__PROBLEM TO SOLVE__
Where a picture appears, skip it; print everything else in the records exactly as it stands.

━━ RECORDS PROVIDED ━━

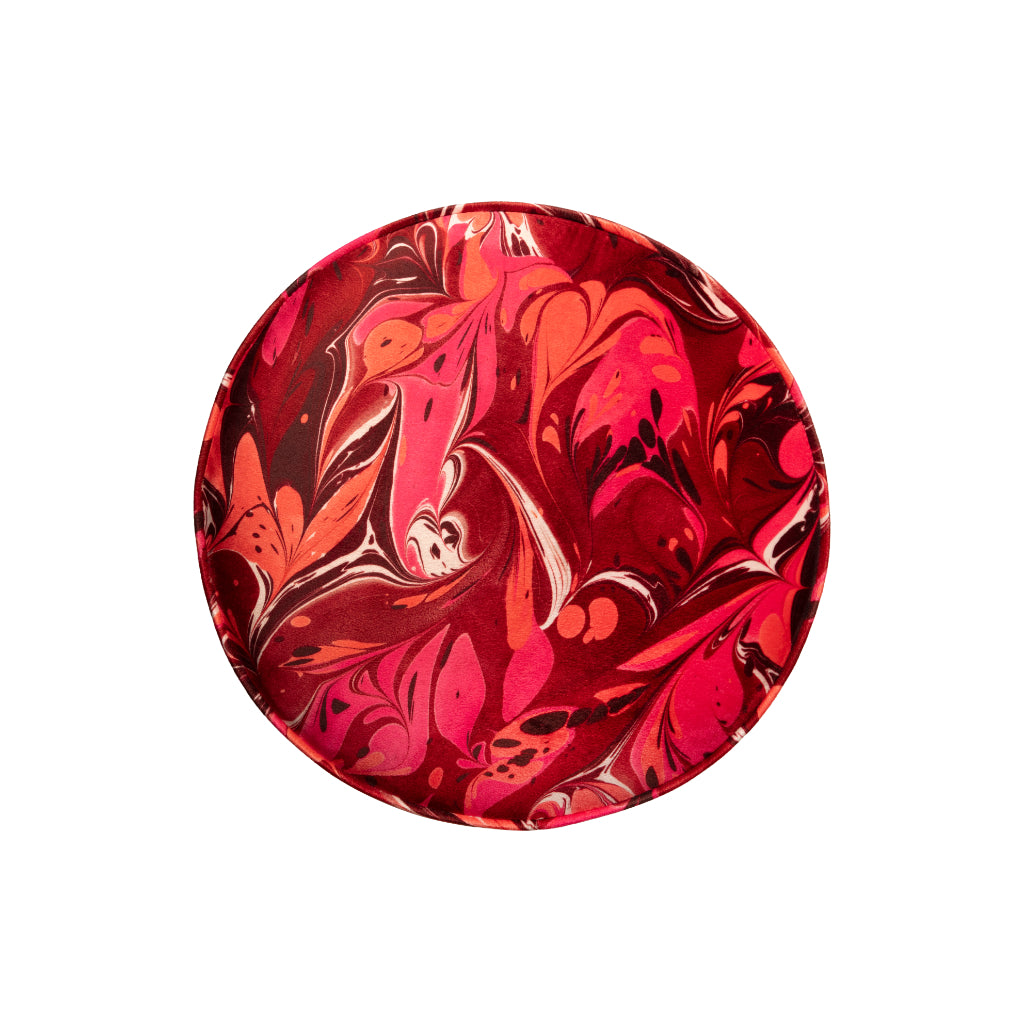 Indian Pink Placard Velvet Stool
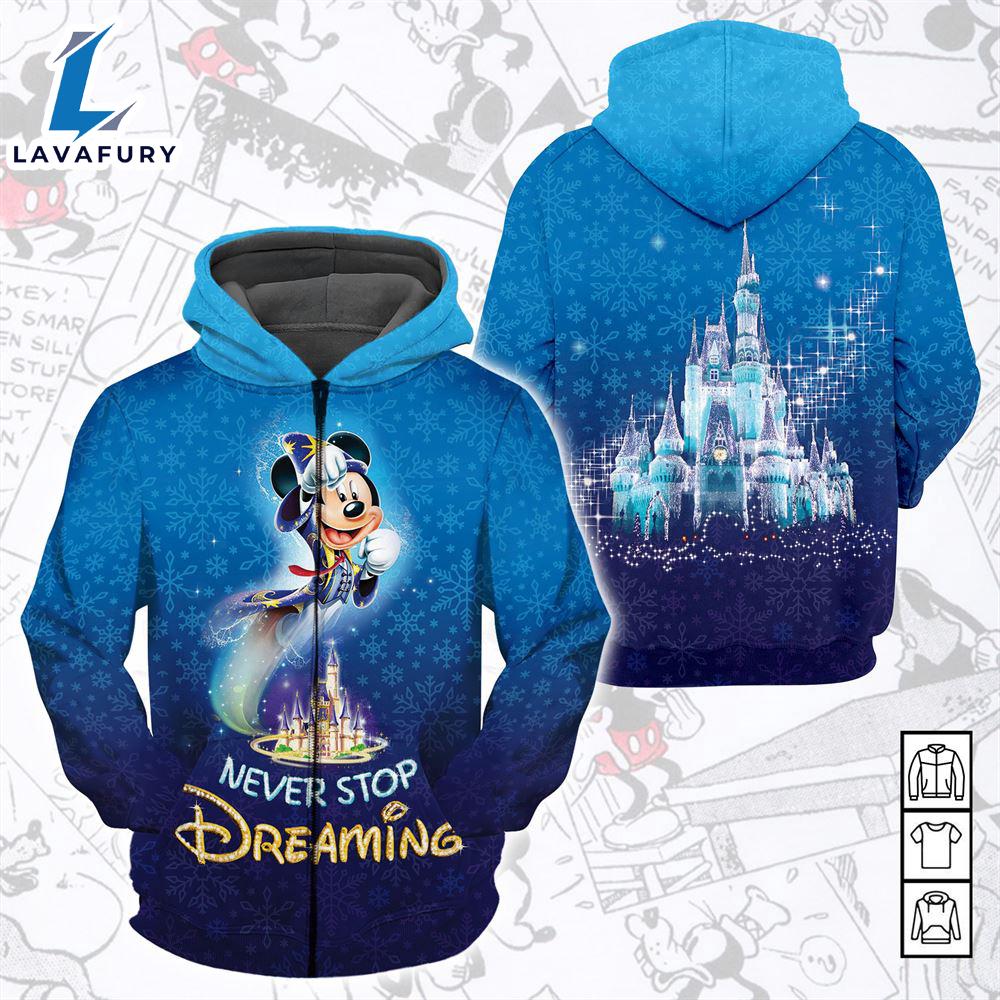 Cartoon Character Never Stop Dreaming All Over Printed Hoodie 3D Unisex Men
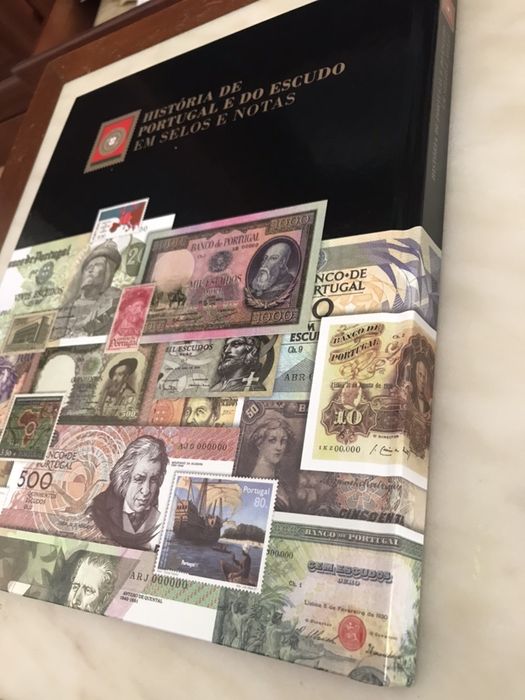 História de Portugal e do escudo em selos e notas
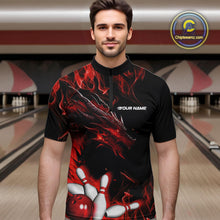Load image into Gallery viewer, Custom Black And Red Flame Dragon Bowling Team Men Quarter-Zip Shirts, Bowling League Shirt IPHW9333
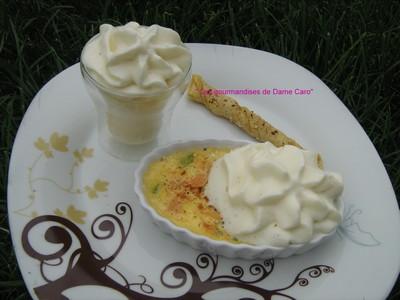 Crème brûlée courgette-saumon et sa chantilly de chèvre - Dame Caro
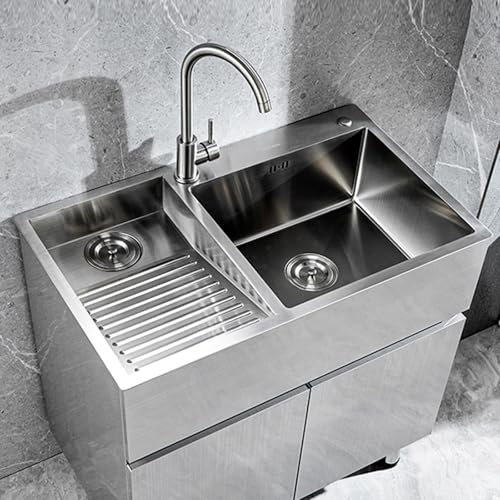 Fregadero De Acero Inoxidable Con Tabla De Lavar: Lavabo Para Uso General Hecho A Mano Para Lavadero, Taller Y Garaje: Acabado Cepillado Duradero, Lavabo Profundo Con Drenaje Eficiente(Left-b,90cm)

━━━

__RESULT OF THIS TASK__
 Indian Pink Placard Velvet Stool
 Cartoon Character Never Stop Dreaming All Over Printed Hoodie 3D Unisex Men
 História de Portugal e do escudo em selos e notas
Load image into Gallery viewer, Custom Black And Red Flame Dragon Bowling Team Men Quarter-Zip Shirts, Bowling League Shirt IPHW9333
 Crème brûlée courgette-saumon et sa chantilly de chèvre - Dame Caro
 Fregadero De Acero Inoxidable Con Tabla De Lavar: Lavabo Para Uso General Hecho A Mano Para Lavadero, Taller Y Garaje: Acabado Cepillado Duradero, Lavabo Profundo Con Drenaje Eficiente(Left-b,90cm)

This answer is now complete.